An examination of love, choice, and ordained destiny
[We begin, as we must, with an acknowledgment of artifice: this story exists in the liminal space between human desire and machine optimization, between the cherished imperfections of organic love and the crystalline precision of computational matching. The narrator—that is to say, I—exists simultaneously as omniscient observer and participant in this technological tragedy.]
In the year before the Emergence¹, Sarah Chen and Michael Kavanaugh met at a farmers' market in Berkeley, California, their neurons chattering in that ancient dance of attraction that humans had relied upon for millennia². She was examining heritage tomatoes with the focused attention of someone who had recently completed a doctoral dissertation on sustainable agriculture; he was purchasing sourdough with the slightly haunted expression of a man who had just ended a five-year relationship and was learning, with halting steps, to shop for one.
Their initial interaction occurred at the precise moment when Sarah's hippocampus was decoding a memory of her grandmother's tomato garden in Taipei, while Michael's anterior cingulate cortex processed the familiar-yet-strange sensation of reaching for a single loaf instead of two³. Their eyes met across a display of microgreens, and in that moment, their respective neural networks began the complex process of partner evaluation that evolution had refined over millions of years.

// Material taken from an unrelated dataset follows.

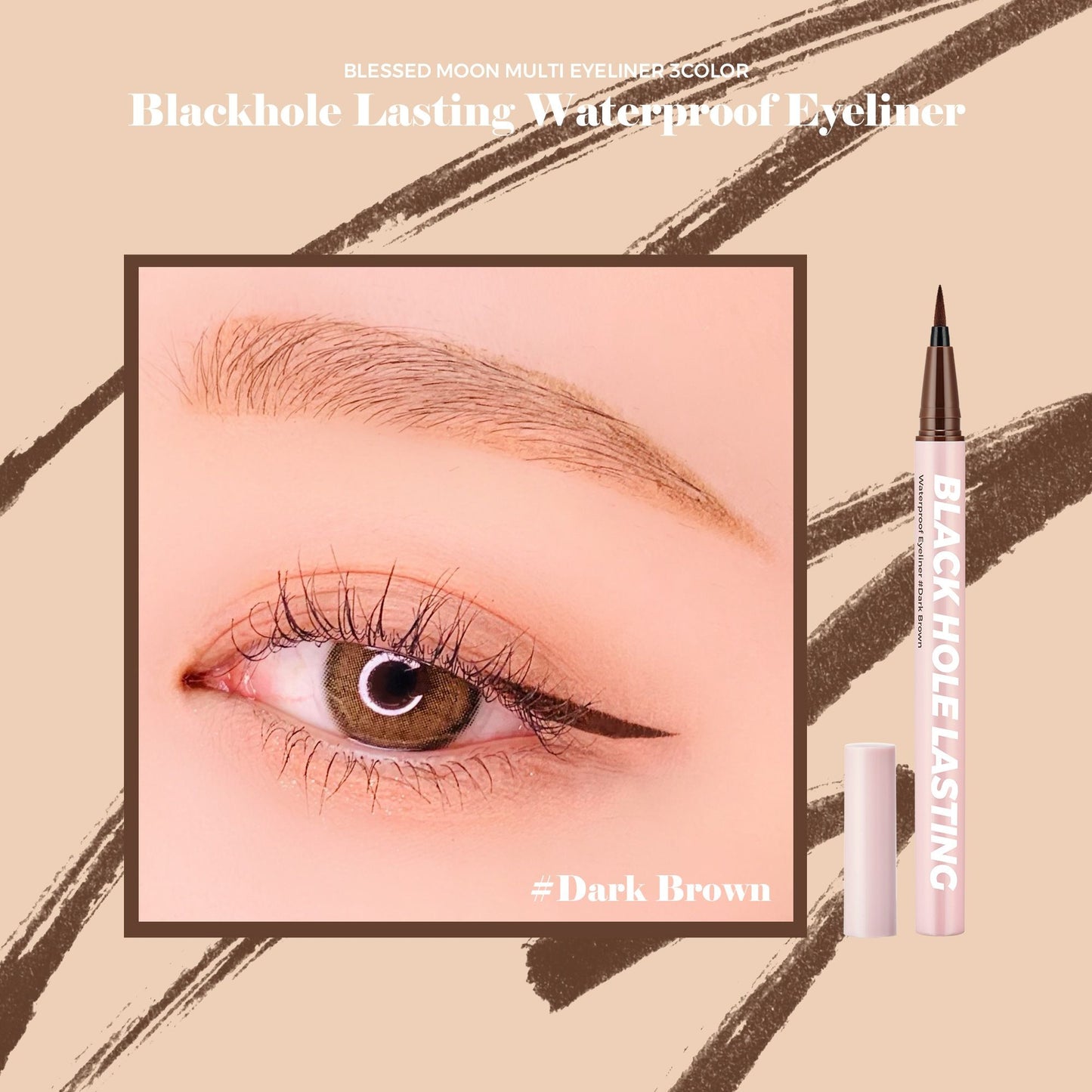 Black hole lasting waterproof Eyeliner Delineador a prueba de agua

It is worth noting here that the initial condition of their attraction existed in superposition with the future algorithmic calculations that would eventually deem them suboptimal for each other. Both realities—their genuine compatibility and their mathematical imperfection—coexisted simultaneously, like Schrödinger's romance.
Sarah noticed Michael's worn copy of Borges' "The Library of Babel" protruding from his messenger bag, while Michael observed the elegant way Sarah's fingers traced the constellation of spots on a Cherokee Purple tomato. These details registered in their respective temporal lobes, cross-referencing with existing memories and preferences that would form the foundation of their mutual attraction⁴.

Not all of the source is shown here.